Einde inhoudsopgave
Wet werk en inkomen naar arbeidsvermogen
Artikel 30 Plichten gericht op inschakeling in de arbeid
Geldend
Geldend vanaf 01-07-2015
- Bronpublicatie:
14-06-2014, Stb. 2014, 216 (uitgifte: 24-06-2014, kamerstukken: 33818)
- Inwerkingtreding
01-07-2015
- Bronpublicatie inwerkingtreding:
10-07-2014, Stb. 2014, 274 (uitgifte: 17-07-2014, kamerstukken/regelingnummer: -)
- Vakgebied(en)
Sociale zekerheid arbeidsongeschiktheid / Re-integratie
Sociale zekerheid arbeidsongeschiktheid / Uitkeringsvoorwaarden
Sociale zekerheid arbeidsongeschiktheid / Verplichtingen
1.
De verzekerde die recht heeft op een WGA-uitkering is verplicht:
- a.
passende arbeid te verrichten indien hij daartoe in de gelegenheid wordt gesteld;
- b.
in voldoende mate te trachten passende arbeid te verkrijgen; en
- c.
geen eisen te stellen in verband met door hem te verrichten arbeid die het aanvaarden of verkrijgen van passende arbeid belemmeren.
2.
De verzekerde die zijn resterende verdiencapaciteit als bedoeld in paragraaf 7.2 niet volledig benut en die recht heeft op een WGA-uitkering, is verplicht zich als werkzoekende bij het UWV te laten registreren, indien hem daartoe het recht toekomt op grond van artikel 30b, eerste lid, van de Wet structuur uitvoeringsorganisatie werk en inkomen en het UWV of de eigenrisicodrager hem dit opdraagt.
3.
De verzekerde die recht heeft op een loongerelateerde uitkering van de WGA-uitkering en arbeid in dienstbetrekking verricht is verplicht:
- a.
zich te onthouden van verwijtbaar gedrag dat aangemerkt kan worden als een dringende reden in de zin van artikel 678 van boek 7 van het Burgerlijk Wetboek;
- b.
de dienstbetrekking niet door of op zijn verzoek te laten beëindigen zonder dat aan de voortzetting ervan zodanige bezwaren waren verbonden, dat deze voortzetting redelijkerwijs niet van hem kon worden gevergd.
4.
Onder passende arbeid als bedoeld in het eerste lid, wordt verstaan alle arbeid die voor de krachten en bekwaamheden van de werknemer is berekend, tenzij aanvaarding om redenen van lichamelijke, geestelijke of sociale aard niet van hem kan worden gevergd.

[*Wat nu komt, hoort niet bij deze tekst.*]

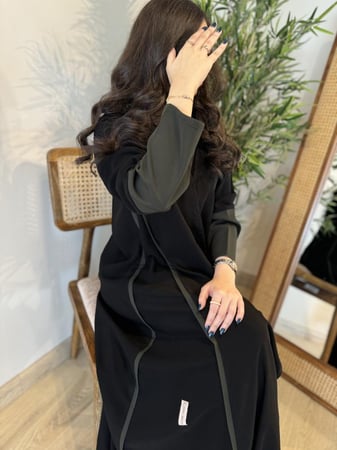 ليـان عنابي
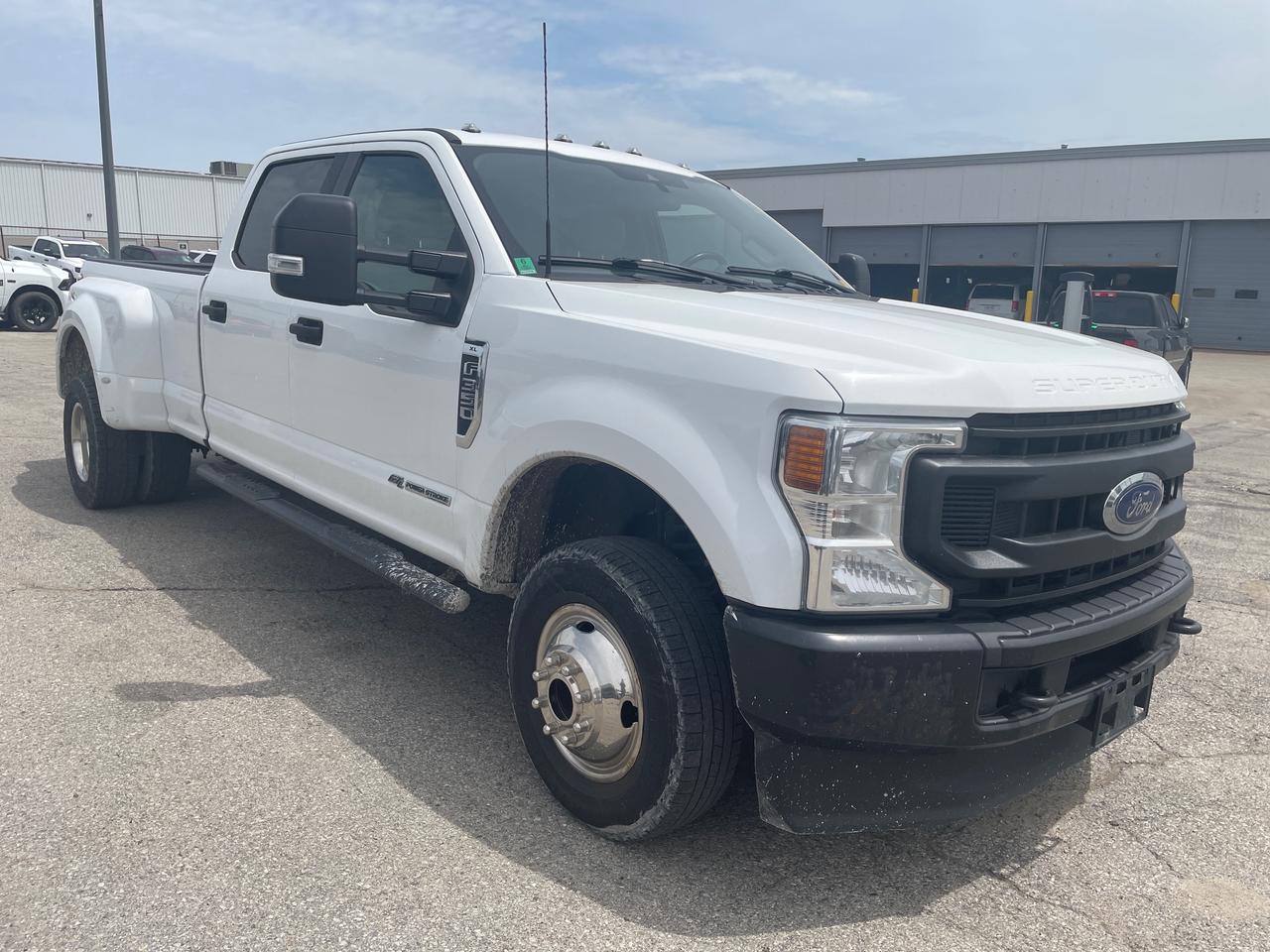 2022 Ford F-350 XL 6.7L POWER STROKE V8 DIESEL | DUAL REAR WHEEL Photo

Niet als passend wordt beschouwd arbeid op grond van een dienstbetrekking als bedoeld in hoofdstuk 2 of 3 van de Wet sociale werkvoorziening en arbeid op grond waarvan men niet als werknemer in de zin van de Werkloosheidswet wordt aangemerkt. Bij of krachtens algemene maatregel van bestuur kunnen nadere regels worden gesteld omtrent het begrip passende arbeid.
5.
Het door de verzekerde, bedoeld in het derde lid, niet voeren van verweer tegen of het instemmen met een beëindiging van de dienstbetrekking door of op verzoek van de werkgever leidt niet tot overtreding van de verplichting, bedoeld in het derde lid, aanhef en onderdeel a.